Em um livro profético intitulado Capitalismo e Progresso – Um diagnóstico da sociedade ocidental,1 o economista holandês cristão Bob Goudzwaard descreve o que ele chama de as três “vulnerabilidades” do sistema de progresso capitalista ocidental: a vulnerabilidade ecológica, visível na destruição do ecossistema e no desaparecimento da biodiversidade; a vulnerabilidade econômica, demonstrada pela inflação crescente, pelo desemprego estrutural e pela desigualdade social, que apresenta uma ética posta a serviço do crescimento econômico; e a vulnerabilidade humana, que se manifesta no fato de as pessoas aceitarem ajustes contínuos nas demandas que lhes são impostas pela sociedade de consumo em relação a esportes, à vida sexual e ao uso do tempo.
Desses três tipos de vulnerabilidade, a mais afetada pela globalização é a econômica, que abre caminho para que o Fundo Monetário Internacional (FMI) se constitua no mais eficiente agente para que as grandes corporações dos países desenvolvidos ampliem sua influência global em benefício próprio. O FMI foi fundado durante a Grande Depressão como um tipo de associação internacional de crédito. Quase todos os países do mundo estão afiliados a essa associação. Cada um contribui conforme o próprio desenvolvimento econômico, e qualquer país pode solicitar empréstimos em casos de crises econômicas. Contudo, os empréstimos não vêm sozinhos, mas acompanhados de condições que, na prática, se transformam em imposições que favorecem os interesses políticos e econômicos dos países emprestadores, mais poderosos e influentes, ao mesmo tempo que afetam bastante a distribuição do gasto público dos países tomadores de empréstimos. Isso justifica o fato de a classe capitalista transnacional encarregada dos governos locais não olhar para as necessidades do povo em termos de trabalho, saúde, educação e moradia, mas impor as próprias prioridades de classe definidas principalmente pela cultura/ideologia do consumismo. Assim, se abre a possibilidade de um novo colonialismo e de uma luta desigual entre a avareza dos poderosos e o anelo por justiça dos vulneráveis.

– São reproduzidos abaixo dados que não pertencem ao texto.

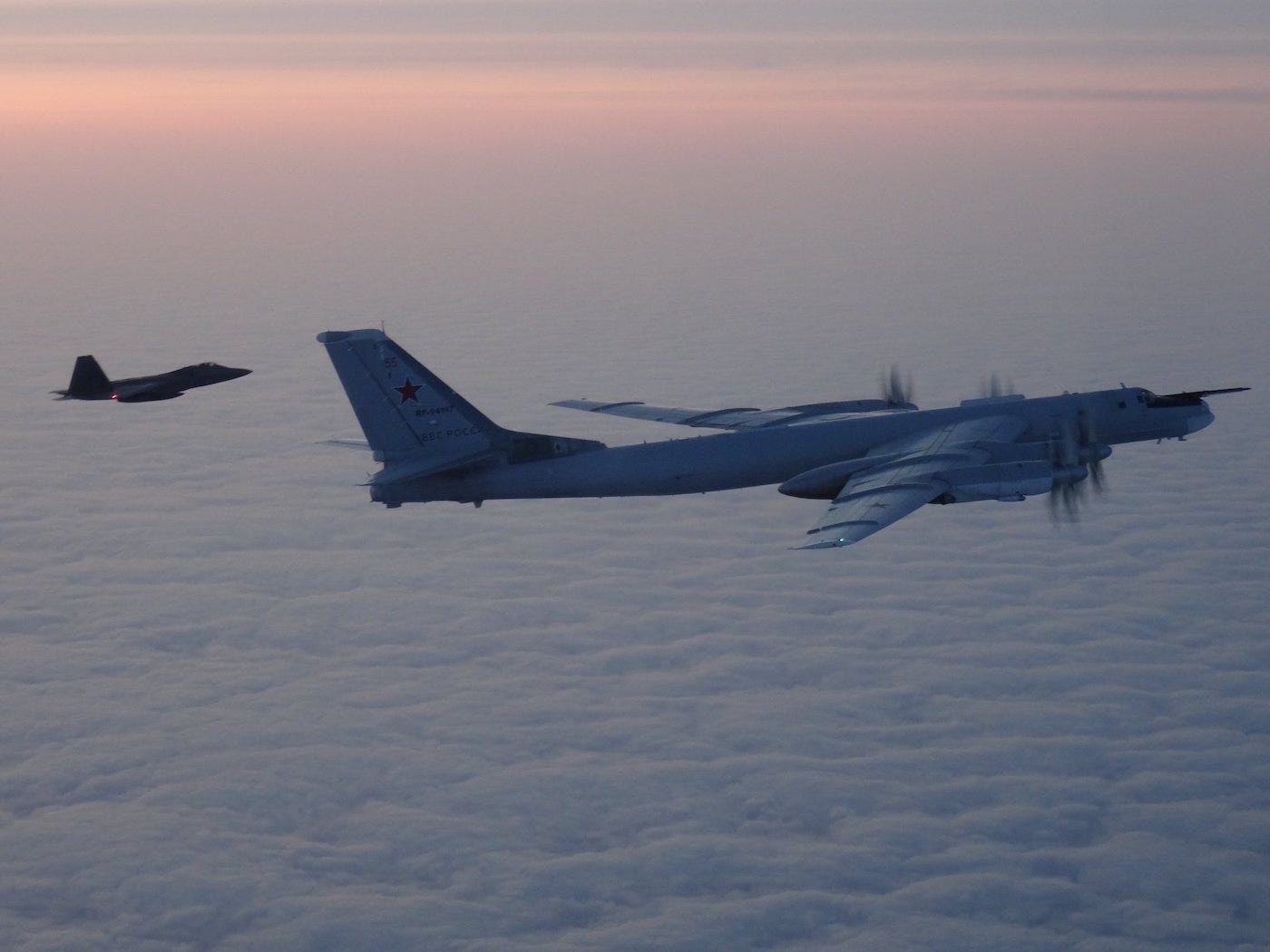 Russia NORAD F-22 Tu-95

O testemunho de Joseph E. Stiglitz, prêmio Nobel de Economia, nos ajuda a entender o problema. Como vice-presidente do Banco Mundial e posterior assessor econômico do governo dos Estados Unidos durante a presidência de Bill Clinton, esse brilhante economista conheceu a fundo as negociações do FMI com vários países (entre eles, o Brasil) em situação de grave crise econômica. A partir dessa base, Stiglitz escreveu O Mal-estar da Globalização (do espanhol El malestar de la globalización), obra em que levanta assuntos de suma importância para se avaliar o trabalho do FMI. O maior mérito dessa obra é ter sido escrita com base na rica experiência de um dos economistas que, além de ter se destacado no campo profissional, se sentiu motivado por um compromisso ético focado na justiça social. Seu sonho como economista é o de um mundo sem pobreza, com uma globalização redesenhada para que seus benefícios não sejam monopolizados pela classe transnacional, devotados ao deus dinheiro, mas se estendam equitativamente a todos os habitantes do mundo. Com requinte de detalhes, ele demonstra no livro que, embora o FMI tenha sido criado para ajudar países que estivessem enfrentando problemas econômicos graves, longe de cumprir essa missão, seus fundos e programas “não apenas não estabilizavam a situação, mas também em muitos casos a pioravam, especialmente para os pobres”, de modo que “algumas vezes, o programa do FMI deixou o país tão pobre como antes, porém, mais endividado, e com uma elite dirigente ainda mais rica”.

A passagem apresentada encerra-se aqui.